## Data for analysis
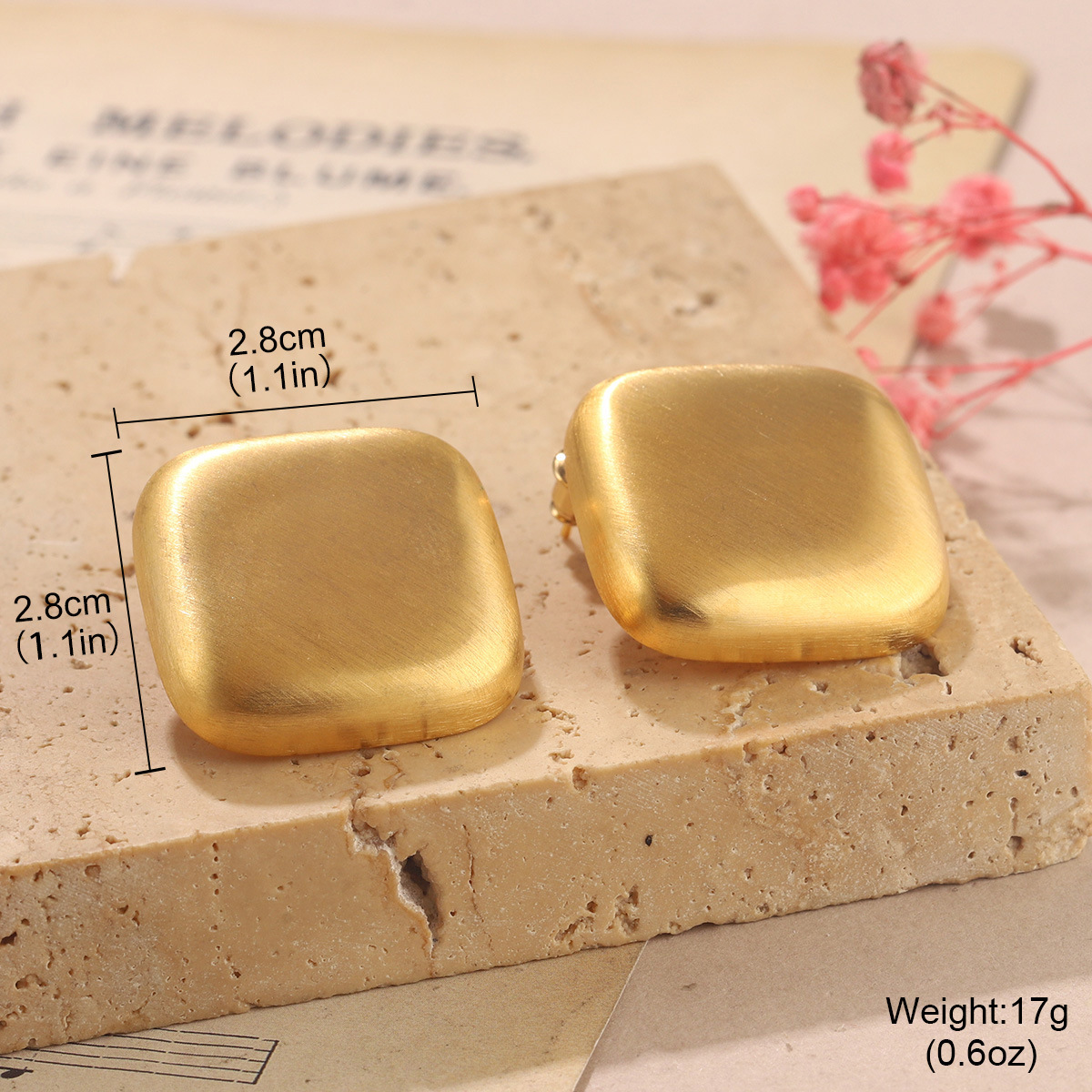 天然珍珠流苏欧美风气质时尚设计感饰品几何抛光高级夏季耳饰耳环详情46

--

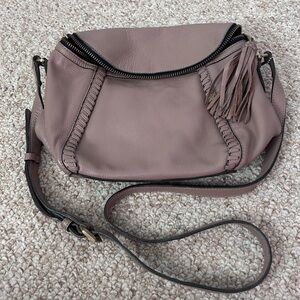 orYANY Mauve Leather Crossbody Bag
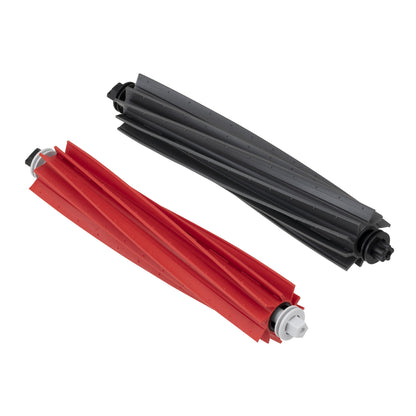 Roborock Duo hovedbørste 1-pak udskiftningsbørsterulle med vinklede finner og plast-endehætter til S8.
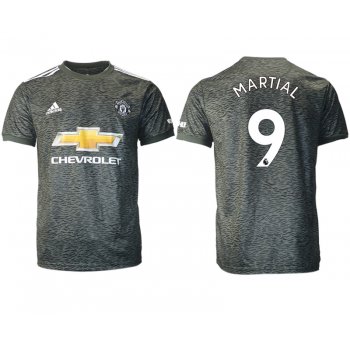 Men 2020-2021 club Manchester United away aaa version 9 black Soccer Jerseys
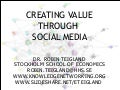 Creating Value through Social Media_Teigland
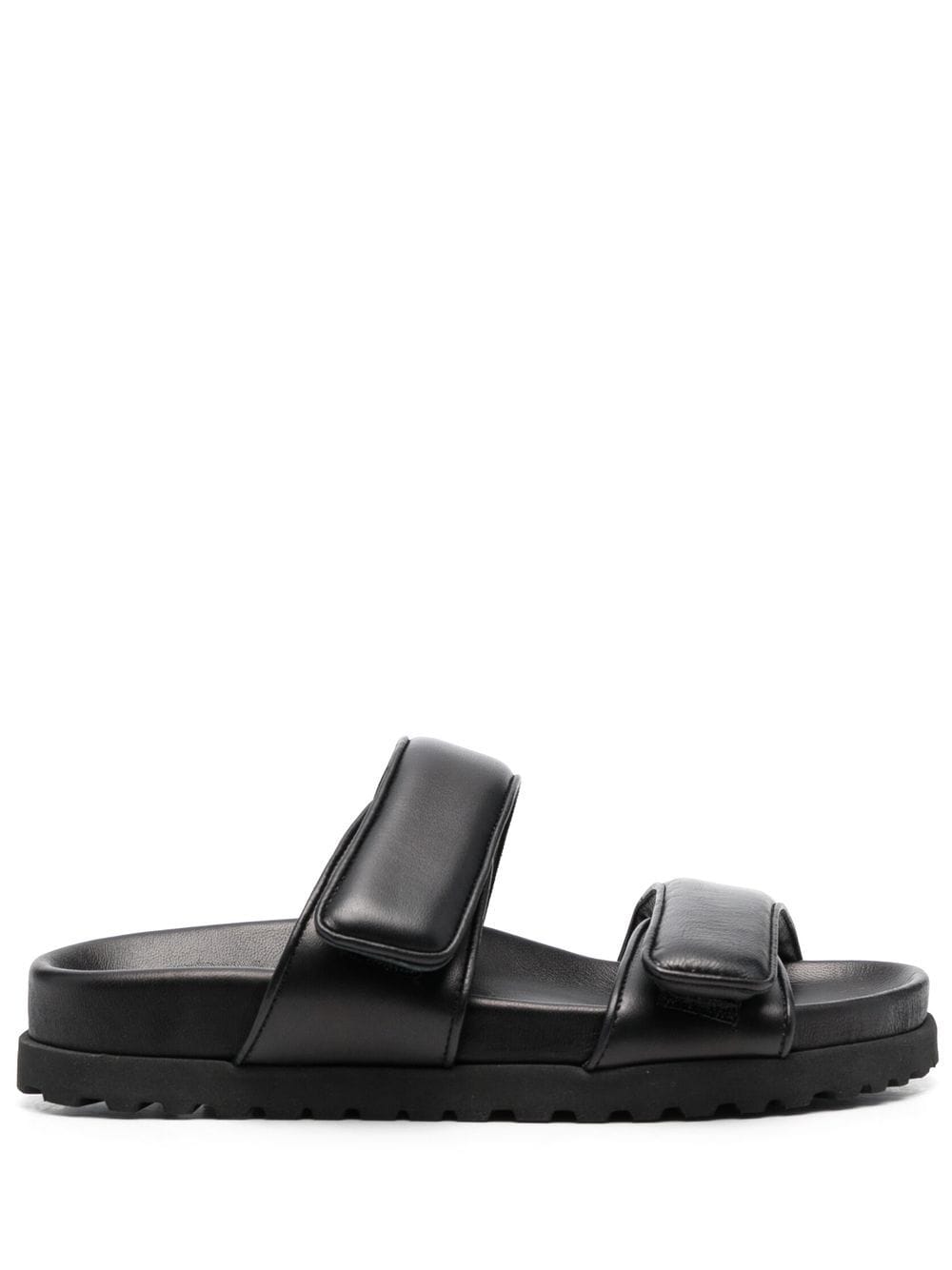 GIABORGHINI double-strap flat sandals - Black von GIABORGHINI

==

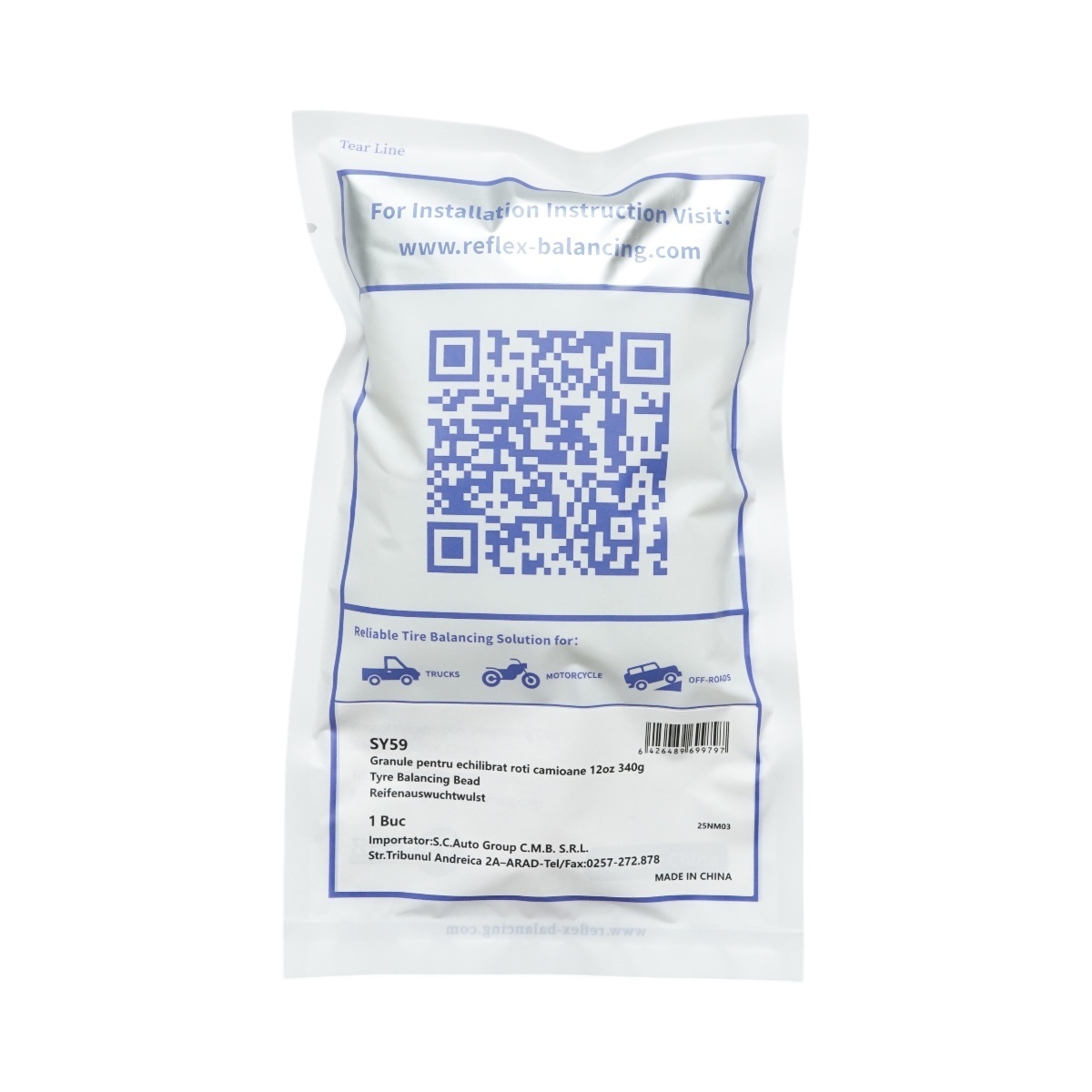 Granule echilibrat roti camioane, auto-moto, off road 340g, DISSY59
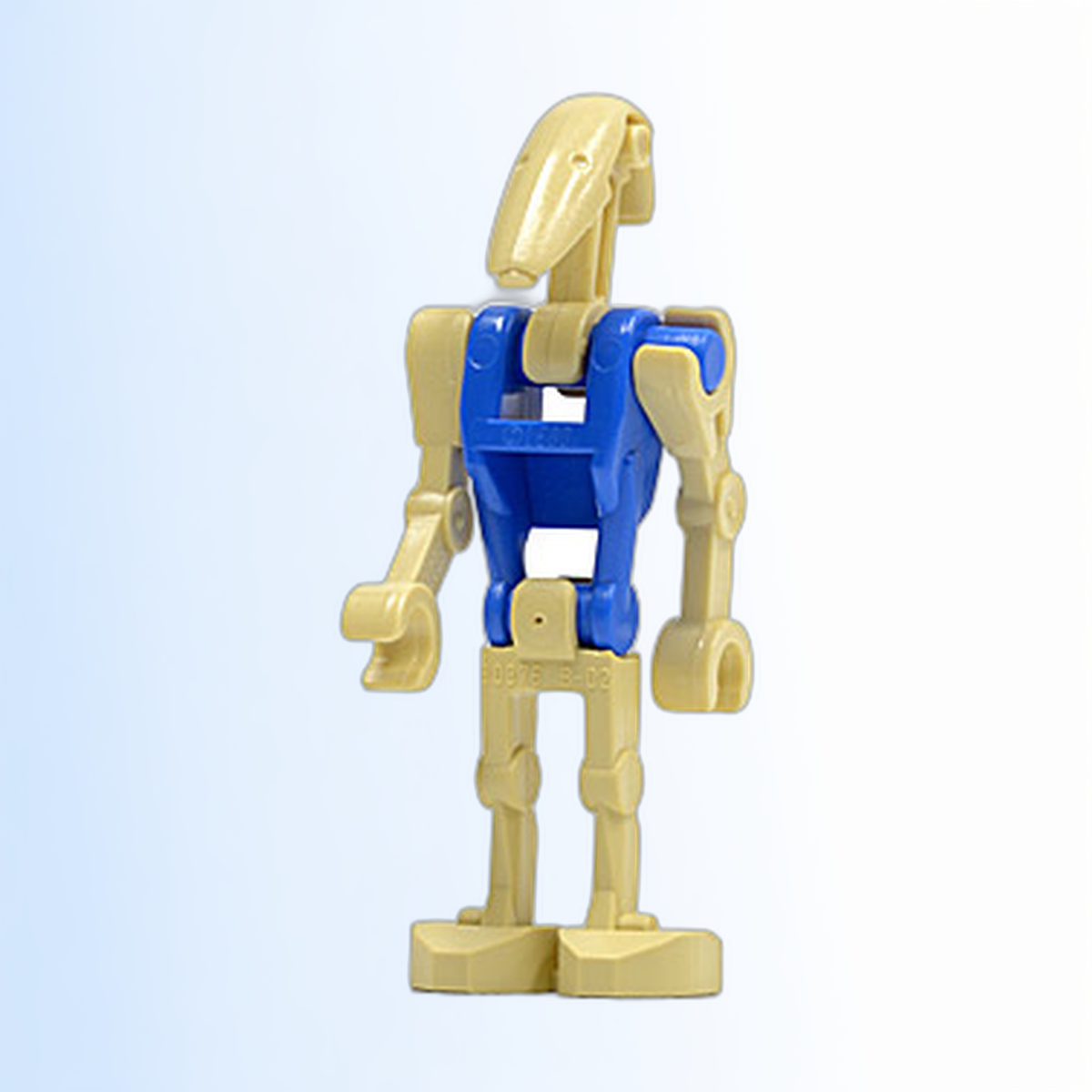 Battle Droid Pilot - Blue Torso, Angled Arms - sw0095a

## Work request
In the records above, find the line with "Granule echilibrat roti". Print exactly from there through the line with "Battle Droid Pilot", minus the pictures.

## Solution to this task
 Granule echilibrat roti camioane, auto-moto, off road 340g, DISSY59
 Battle Droid Pilot - Blue Torso, Angled Arms - sw0095a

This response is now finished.